Play with the generative models here.

Logistic regression

See this demo notebook.

Choosing logistic regression models

Su 2022

Untitled

$$ logit(p(c_r)) \sim RewardedChoice+UnrewardedChoice $$

Bari 2019

Untitled

$$ logit(p(c_r)) \sim RewardedChoice+Choice $$

Hattori 2019

Untitled

$$ logit(p(c_r)) \sim RewardedChoice+UnrewardedChoice+Choice $$

Miller 2021

Untitled

$$ logit(p(c_r)) \sim Choice + Reward+ Choice*Reward $$

Encodings

Ignored trials are removed

choice	reward	Choice	Reward	RewardedChoice	UnrewardedChoice	Choice * Reward
L	yes	-1	1	-1	0	-1
L	no	-1	-1	0	-1	1
R	yes	1	1	1	0	1
L	yes	-1	1	-1	0	-1
R	no	1	-1	0	1	-1
R	yes	1	1	1	0	1
L	no	-1	-1	0	-1	1

Some observations:

$RewardedChoice$ and $UnrewardedChoice$ are orthogonal
$Choice = RewardedChoice + UnrewardedChoice$
$Choice * Reward = RewardedChoice - UnrewardedChoice$

Comparison

	Su 2022	Bari 2019	Hattori 2019	Miller 2021
Equivalent to	RewC + UnrC	RewC + (RewC + UnrC)	RewC + UnrC + (RewC + UnrC)	(RewC + UnrC) + (RewC - UnrC) + Rew
Severity of multicollinearity	Not at all	Medium	Severe	Slight
Interpretation	Like a RL model with different learning rates on reward and unrewarded trials.	Like a RL model that only updates on rewarded trials, plus a choice kernel (tendency to repeat previous choices).	Like a RL model that has different learning rates on reward and unrewarded trials, plus a choice kernel (the full RL model from the same paper).	Like a RL model that has symmetric learning rates for rewarded and unrewarded trials, plus a choice kernel.
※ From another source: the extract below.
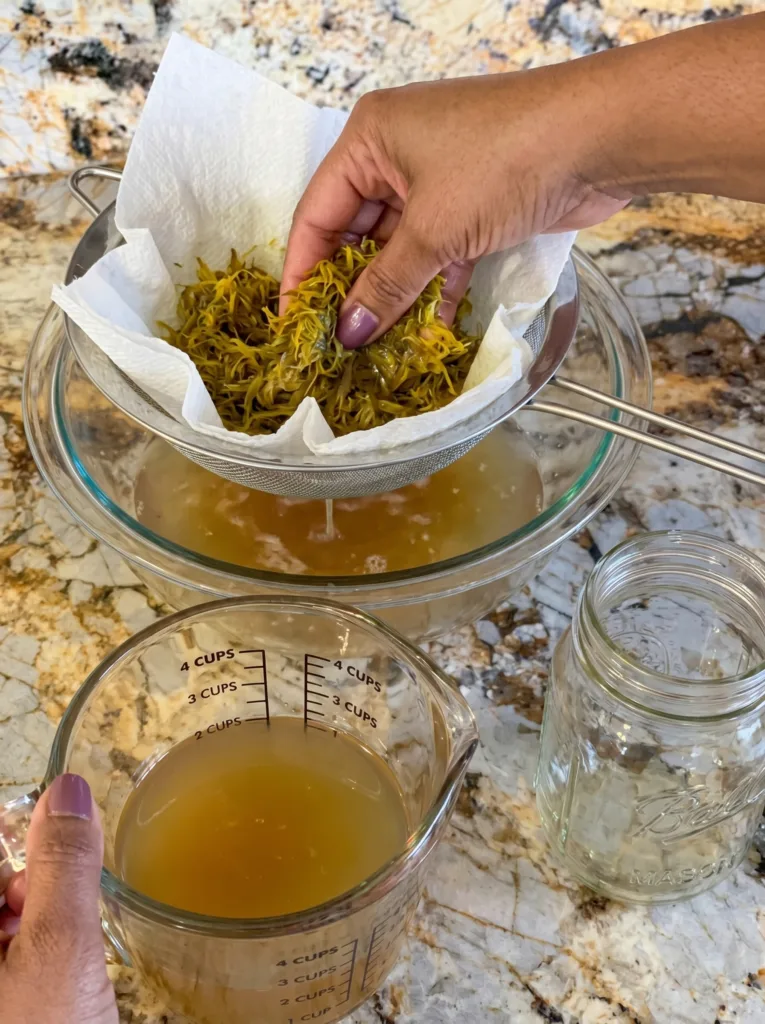 Straining dandelion tea for homemade dandelion jelly — golden liquid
However, the $Reward $ term seems to be a strawman assumption, as it means “if I get reward on any side, I’ll choose the right side more”, which doesn’t make much sense.
Conclusion	Probably the best	Okay	Not good due to the severe multicollinearity	Good

Regularization and optimization

The choice of optimizer depends on the penality term, as listed here.

lbfgs - [l2, None]
liblinear - [l1, l2]
newton-cg - [l2, None]
newton-cholesky - [l2, None]
sag - [l2, None]
saga - [elasticnet, l1, l2, None]

Installation

To install the software, run

pip install aind-dynamic-foraging-models

To develop the code, clone the repo to your local machine, and run

pip install -e .[dev]

Contributing

Linters and testing

There are several libraries used to run linters, check documentation, and run tests.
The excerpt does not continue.